------ Given data ------

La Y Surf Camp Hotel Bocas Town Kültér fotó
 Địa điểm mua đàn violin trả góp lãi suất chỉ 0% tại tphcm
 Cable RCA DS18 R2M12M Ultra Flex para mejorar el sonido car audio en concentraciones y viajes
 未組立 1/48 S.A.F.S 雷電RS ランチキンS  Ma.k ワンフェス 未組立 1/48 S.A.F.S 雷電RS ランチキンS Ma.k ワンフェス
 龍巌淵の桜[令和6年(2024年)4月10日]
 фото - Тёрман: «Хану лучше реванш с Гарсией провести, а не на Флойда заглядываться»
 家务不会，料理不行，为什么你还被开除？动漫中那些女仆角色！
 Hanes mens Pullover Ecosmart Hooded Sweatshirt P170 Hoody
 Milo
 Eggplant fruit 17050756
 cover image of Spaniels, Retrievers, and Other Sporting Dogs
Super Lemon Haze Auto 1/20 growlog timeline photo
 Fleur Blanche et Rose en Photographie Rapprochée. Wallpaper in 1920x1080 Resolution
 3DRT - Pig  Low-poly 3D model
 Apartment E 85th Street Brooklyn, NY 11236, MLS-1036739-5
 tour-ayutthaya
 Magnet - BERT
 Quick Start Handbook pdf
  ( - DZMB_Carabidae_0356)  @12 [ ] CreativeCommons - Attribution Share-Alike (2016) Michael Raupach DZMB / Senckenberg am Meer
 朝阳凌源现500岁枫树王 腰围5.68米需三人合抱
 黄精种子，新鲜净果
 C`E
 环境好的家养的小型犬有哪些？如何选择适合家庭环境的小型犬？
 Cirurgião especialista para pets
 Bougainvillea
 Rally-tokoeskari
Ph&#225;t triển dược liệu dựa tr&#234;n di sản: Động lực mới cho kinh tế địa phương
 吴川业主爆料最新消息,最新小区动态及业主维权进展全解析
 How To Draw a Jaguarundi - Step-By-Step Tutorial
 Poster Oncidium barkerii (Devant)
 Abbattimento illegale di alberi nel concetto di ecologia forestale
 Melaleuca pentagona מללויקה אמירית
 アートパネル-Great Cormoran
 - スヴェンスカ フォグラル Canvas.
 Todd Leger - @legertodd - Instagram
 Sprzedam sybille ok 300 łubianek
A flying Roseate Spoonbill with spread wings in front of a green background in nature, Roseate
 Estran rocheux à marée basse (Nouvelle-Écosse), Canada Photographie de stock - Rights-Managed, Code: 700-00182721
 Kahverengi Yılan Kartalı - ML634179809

------

#### Work required:
Reproduce each record exactly, leaving nothing out.

#### Written solution:
La Y Surf Camp Hotel Bocas Town Kültér fotó
 Địa điểm mua đàn violin trả góp lãi suất chỉ 0% tại tphcm
 Cable RCA DS18 R2M12M Ultra Flex para mejorar el sonido car audio en concentraciones y viajes
 未組立 1/48 S.A.F.S 雷電RS ランチキンS  Ma.k ワンフェス 未組立 1/48 S.A.F.S 雷電RS ランチキンS Ma.k ワンフェス
 龍巌淵の桜[令和6年(2024年)4月10日]
 фото - Тёрман: «Хану лучше реванш с Гарсией провести, а не на Флойда заглядываться»
 家务不会，料理不行，为什么你还被开除？动漫中那些女仆角色！
 Hanes mens Pullover Ecosmart Hooded Sweatshirt P170 Hoody
 Milo
 Eggplant fruit 17050756
 cover image of Spaniels, Retrievers, and Other Sporting Dogs
Super Lemon Haze Auto 1/20 growlog timeline photo
 Fleur Blanche et Rose en Photographie Rapprochée. Wallpaper in 1920x1080 Resolution
 3DRT - Pig  Low-poly 3D model
 Apartment E 85th Street Brooklyn, NY 11236, MLS-1036739-5
 tour-ayutthaya
 Magnet - BERT
 Quick Start Handbook pdf
  ( - DZMB_Carabidae_0356)  @12 [ ] CreativeCommons - Attribution Share-Alike (2016) Michael Raupach DZMB / Senckenberg am Meer
 朝阳凌源现500岁枫树王 腰围5.68米需三人合抱
 黄精种子，新鲜净果
 C`E
 环境好的家养的小型犬有哪些？如何选择适合家庭环境的小型犬？
 Cirurgião especialista para pets
 Bougainvillea
 Rally-tokoeskari
Ph&#225;t triển dược liệu dựa tr&#234;n di sản: Động lực mới cho kinh tế địa phương
 吴川业主爆料最新消息,最新小区动态及业主维权进展全解析
 How To Draw a Jaguarundi - Step-By-Step Tutorial
 Poster Oncidium barkerii (Devant)
 Abbattimento illegale di alberi nel concetto di ecologia forestale
 Melaleuca pentagona מללויקה אמירית
 アートパネル-Great Cormoran
 - スヴェンスカ フォグラル Canvas.
 Todd Leger - @legertodd - Instagram
 Sprzedam sybille ok 300 łubianek
A flying Roseate Spoonbill with spread wings in front of a green background in nature, Roseate
 Estran rocheux à marée basse (Nouvelle-Écosse), Canada Photographie de stock - Rights-Managed, Code: 700-00182721
 Kahverengi Yılan Kartalı - ML634179809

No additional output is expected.